A mobility aggregate groups the pseudonymised CDR data of many individual subscribers into an output that characterises the behaviour of the entire group of subscribers.
We can calculate aggregates which capture a broad range of aspects of population distributions and mobility, including both short-term and longer-term patterns. These aggregates can then be combined, scaled and adjusted to derive indicators which can be used to inform decision-making.
Aggregates should meet the following criteria:
- They contain no personal information – the data must be anonymised such that subscribers’ individual privacy is preserved;
- They are fast and easy to compute – MNOs should be able to calculate the aggregates with limited resources, for example on a single server.
- They are robust to infrequent phone usage – for Low- and Middle-Income Countries (LMICs) in particular, the methodology must be suitable even when many subscribers may not use their mobile devices daily.
Criteria 1 is always essential when producing CDR aggregates.
It should not be possible to reidentify any subscribers from CDR aggregates. You can read more about preserving individual privacy here.
Criteria 2 and 3 are primarily of concern in Low- and Middle-Income Countries (LMICs).
The resources available in LMICs for the processing of CDR data may be more limited, meaning that the methods for calculating need to use these resources efficiently. For example FlowKit, the open-source software suite developed by Flowminder, is designed and its methods have been optimised to run on a single server within an MNOs firewall.
Infrequent use of mobile devices is also more likely to be a limitation in LMICs, and especially in less wealthy communities within LMICs. It’s therefore important that the methods are developed without the assumption that all subscribers are going to be active every day, or even once every few days.
In this section, we will introduce the four main categories of aggregate derived from CDR data and how they are calculated.
Count of Subscribers
Count of subscribers aggregates capture the number of active subscribers recorded in a given area during a given time interval.
Each active subscriber may be present in multiple locations during a single time interval as they may visit multiple locations during that period.
Count of subscribers aggregates are primarily used to calculate Presence-class indicators. These indicators describe short-term (hourly, daily) changes in the number of people who are present within each area.
Count of subscribers aggregates are generally calculated for short time intervals (e.g. daily, weekly) but, depending on the requirements of the analysis, the spatial and temporal resolution can vary.
The presence aggregate is the simplest count of subscribers aggregate. Presence is calculated as the number of unique active subscribers recorded in a given area during a given time interval. This aggregate is used to calculate a broad range of indicators related to presence, population mixing, intra-regional travel and hotspots.
However, we can also calculate other types of count of subscribers aggregates which may be used to address a range of different questions. These other aggregates include:
- Count of visitors; the count of unique active subscribers recorded in a given area during a given time interval who are not residents in this area during this time interval.
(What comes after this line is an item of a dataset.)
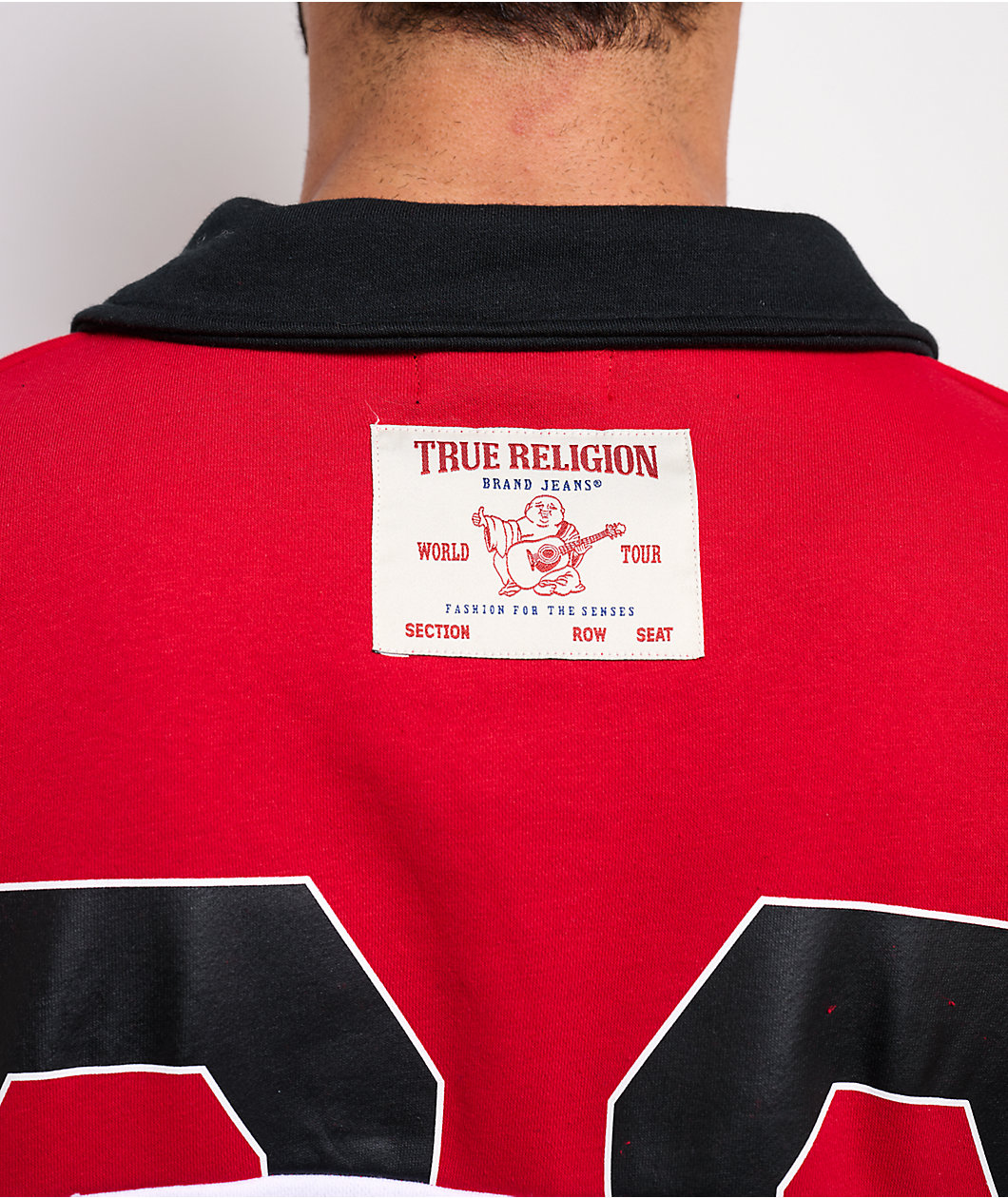 True Religion Jersey Knit Red Oversized Polo Shirt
- Count of subscribers only seen in home location; the count of active subscribers who are only recorded in the same area as their home location.
Count of Travellers
Count of travellers aggregates describe the number of active subscribers who were present in a given area and then another area within a given time interval.
Each active subscriber may travel between multiple pairs of locations during the same time period.
Count of travellers aggregates are primarily used to calculate Movement-class indicators. These indicators describe short-term (hourly, daily) changes in the number of people who are travelling into, out of and between areas.
Count of travellers aggregates are generally calculated for short time intervals (e.g. daily, weekly) but, depending on the requirements of the analysis, the spatial and temporal resolution can vary.
We can calculate different types of count of traveller aggregates depending on the type of question we are trying to address.
First, count of travellers aggregates can be directed or undirected. Directed count of travellers aggregates differentiate between trips from Area A to Area B and from Area B to Area A, counting each of these separately; undirected aggregates do not differentiate and count all trips between Area A and Area B regardless of subscribers’ starting points.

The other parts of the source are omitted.